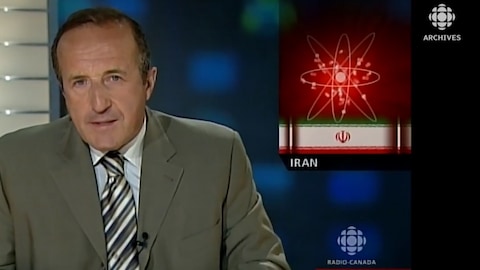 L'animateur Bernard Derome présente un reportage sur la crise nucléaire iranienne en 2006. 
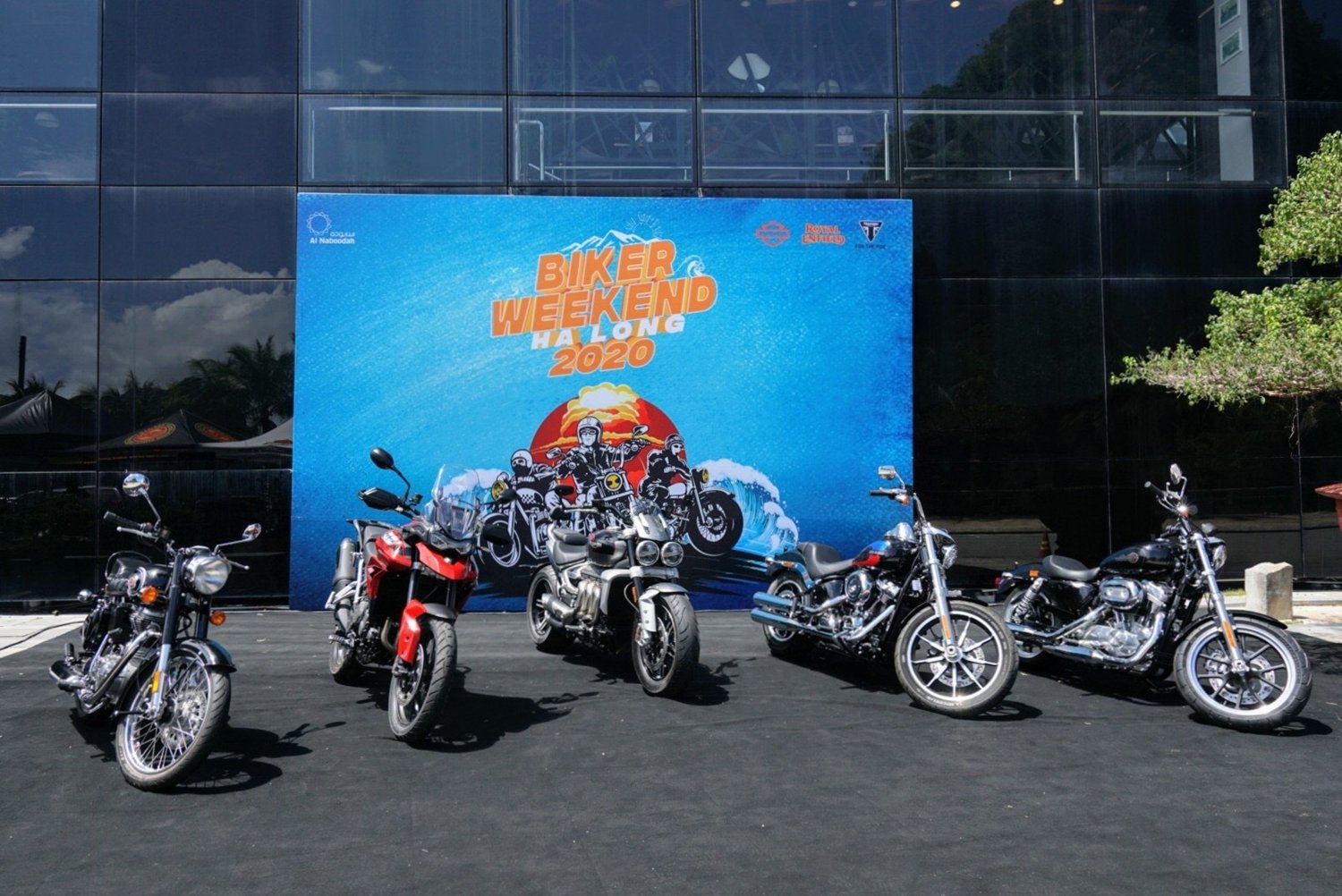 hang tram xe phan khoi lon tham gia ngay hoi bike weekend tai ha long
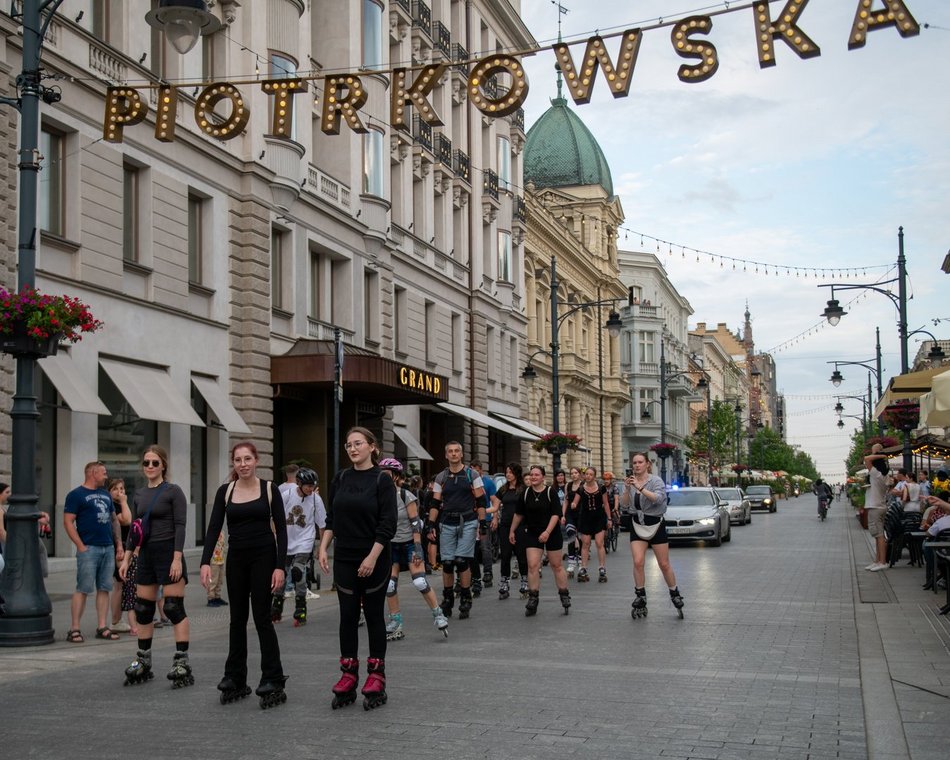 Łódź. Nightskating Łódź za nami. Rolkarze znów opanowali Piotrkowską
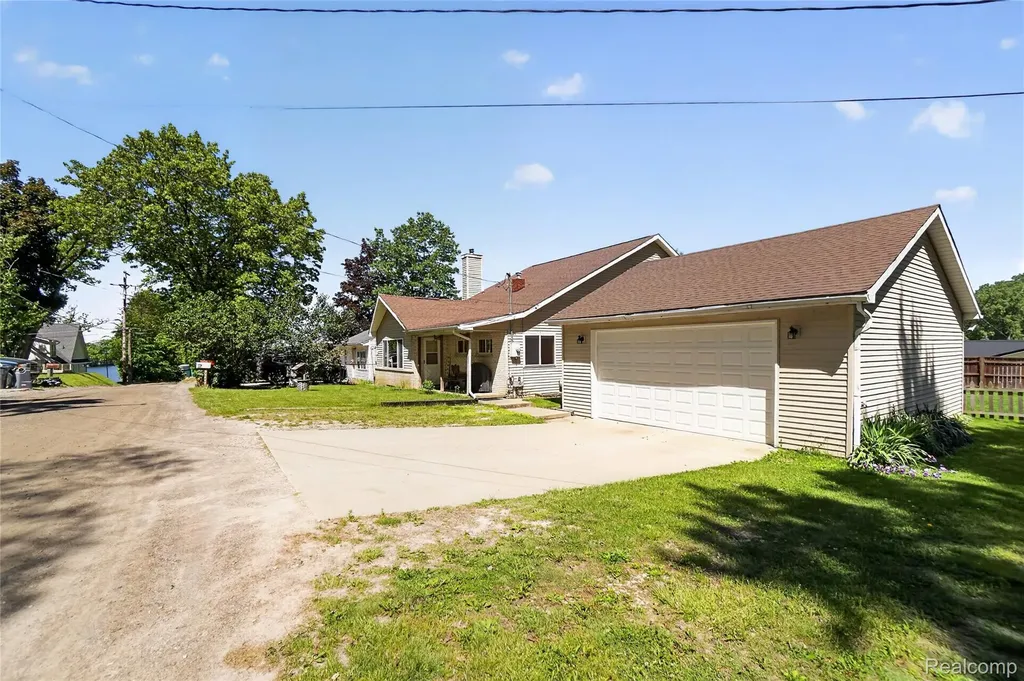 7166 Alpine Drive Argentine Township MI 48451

________________________________________

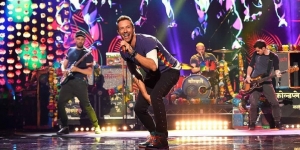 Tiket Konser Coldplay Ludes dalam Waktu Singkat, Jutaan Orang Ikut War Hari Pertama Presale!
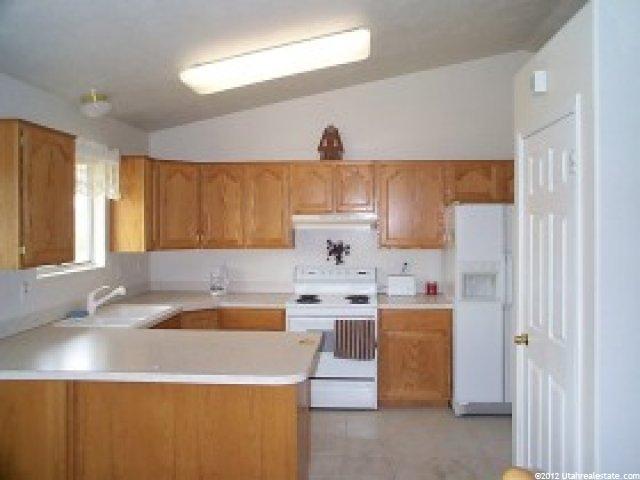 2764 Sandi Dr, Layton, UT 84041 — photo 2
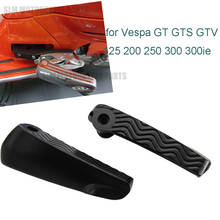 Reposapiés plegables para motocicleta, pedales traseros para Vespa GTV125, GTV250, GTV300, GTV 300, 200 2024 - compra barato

________________________________________

Using the data above, return the lines from the one holding "Łódź. Nightskating Łódź" through the one holding "7166 Alpine Drive" exactly, but not the pictures.

 Łódź. Nightskating Łódź za nami. Rolkarze znów opanowali Piotrkowską
 7166 Alpine Drive Argentine Township MI 48451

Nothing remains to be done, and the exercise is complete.